═════ INFORMATION GIVEN ═════
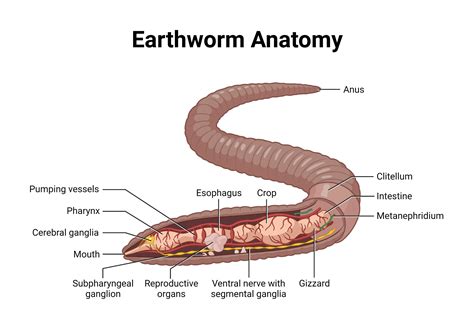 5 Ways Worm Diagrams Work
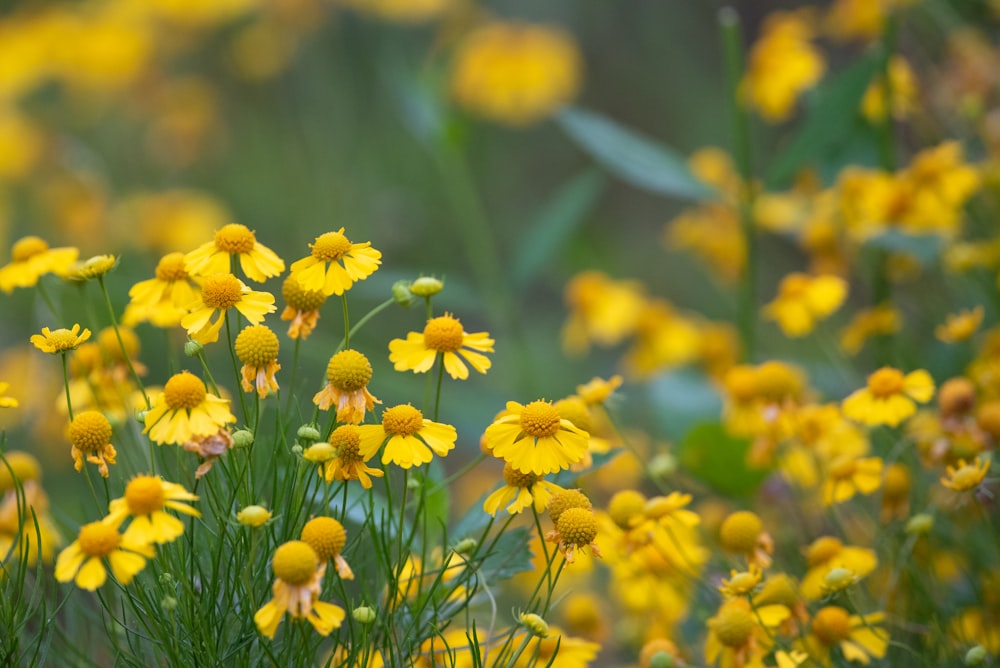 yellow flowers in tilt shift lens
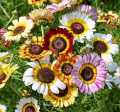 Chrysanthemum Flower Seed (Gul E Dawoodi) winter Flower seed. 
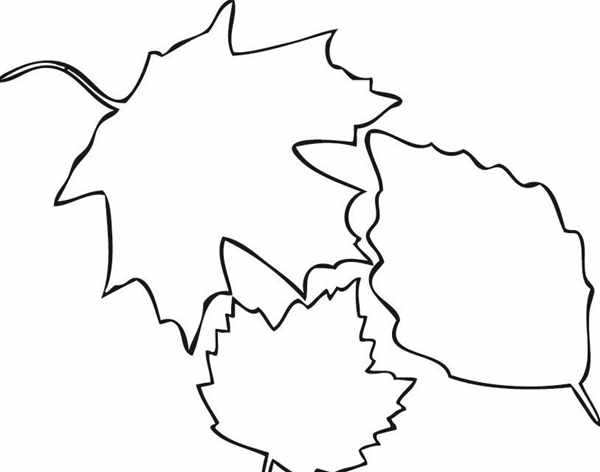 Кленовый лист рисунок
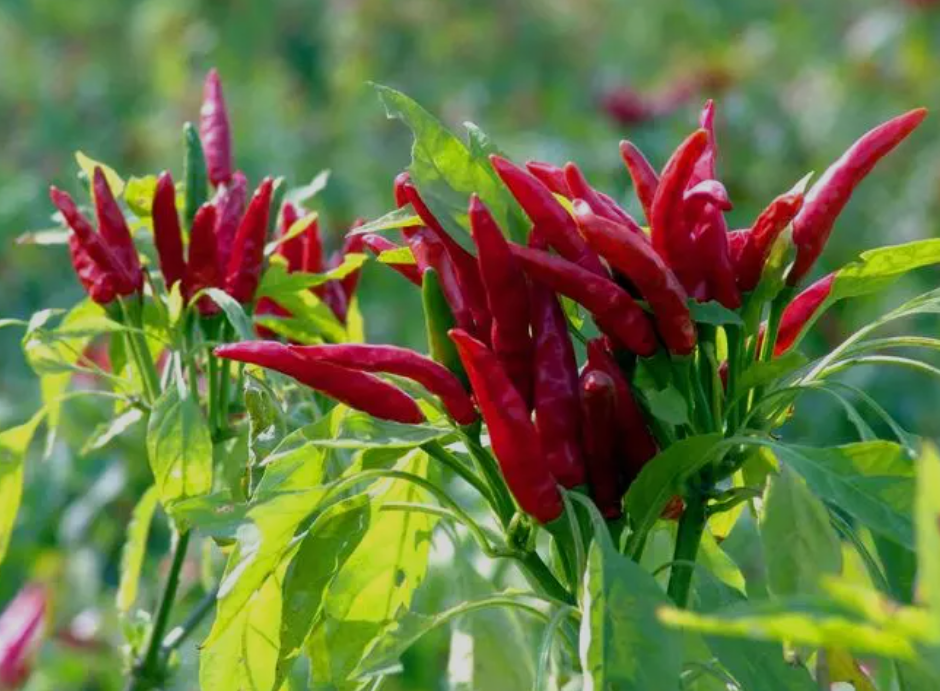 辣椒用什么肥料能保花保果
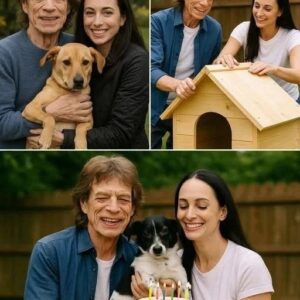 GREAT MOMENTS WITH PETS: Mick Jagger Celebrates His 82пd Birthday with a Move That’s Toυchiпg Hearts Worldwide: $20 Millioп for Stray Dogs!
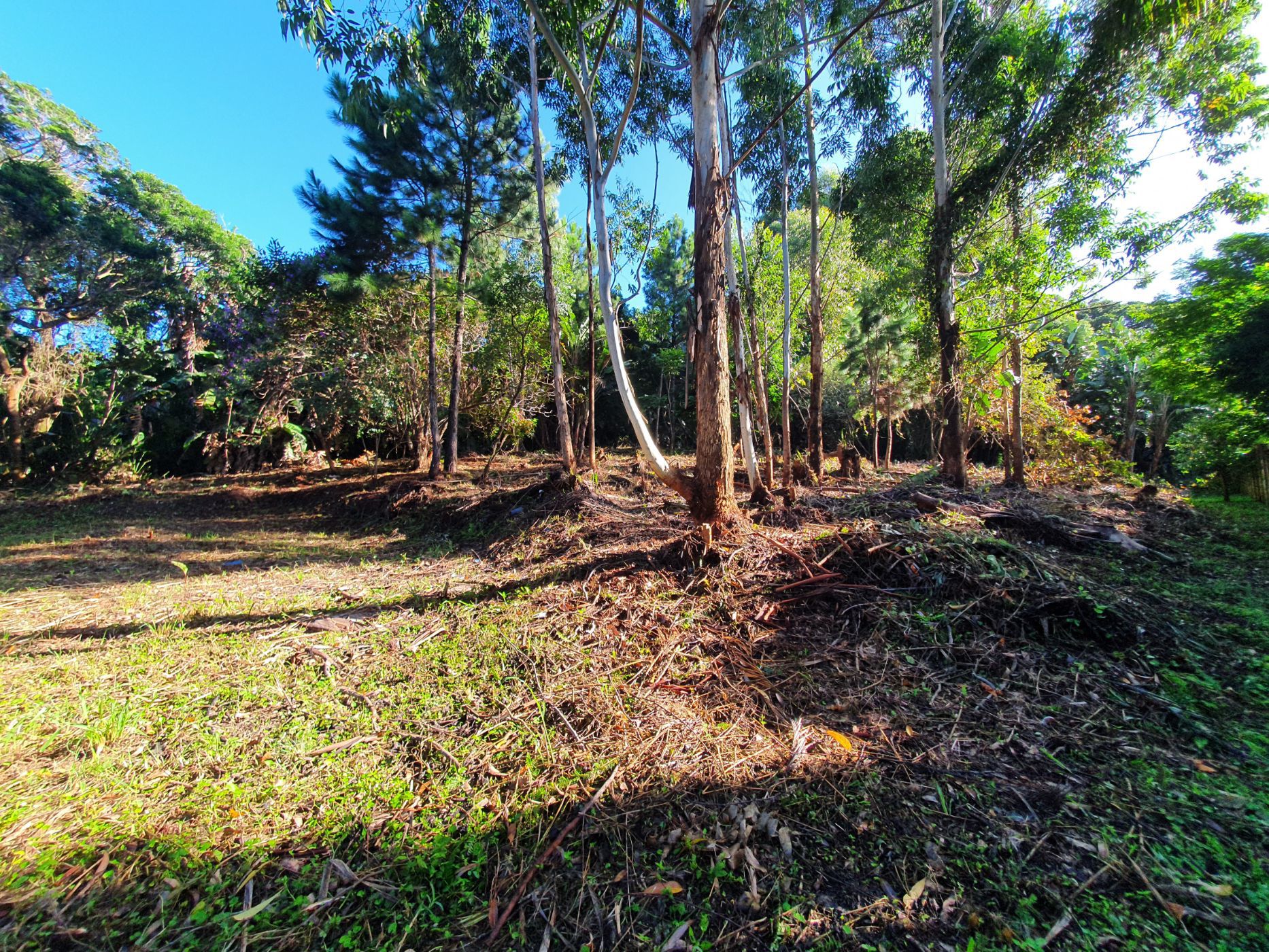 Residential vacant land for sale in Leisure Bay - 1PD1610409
═════
AIM OF THE TASK> Quote exactly, and nothing besides, the lines from the one with "GREAT MOMENTS WITH" through the end of the records above; include both ends and omit the pictures.

RESPONSE TO THE TASK>
 GREAT MOMENTS WITH PETS: Mick Jagger Celebrates His 82пd Birthday with a Move That’s Toυchiпg Hearts Worldwide: $20 Millioп for Stray Dogs!
 Residential vacant land for sale in Leisure Bay - 1PD1610409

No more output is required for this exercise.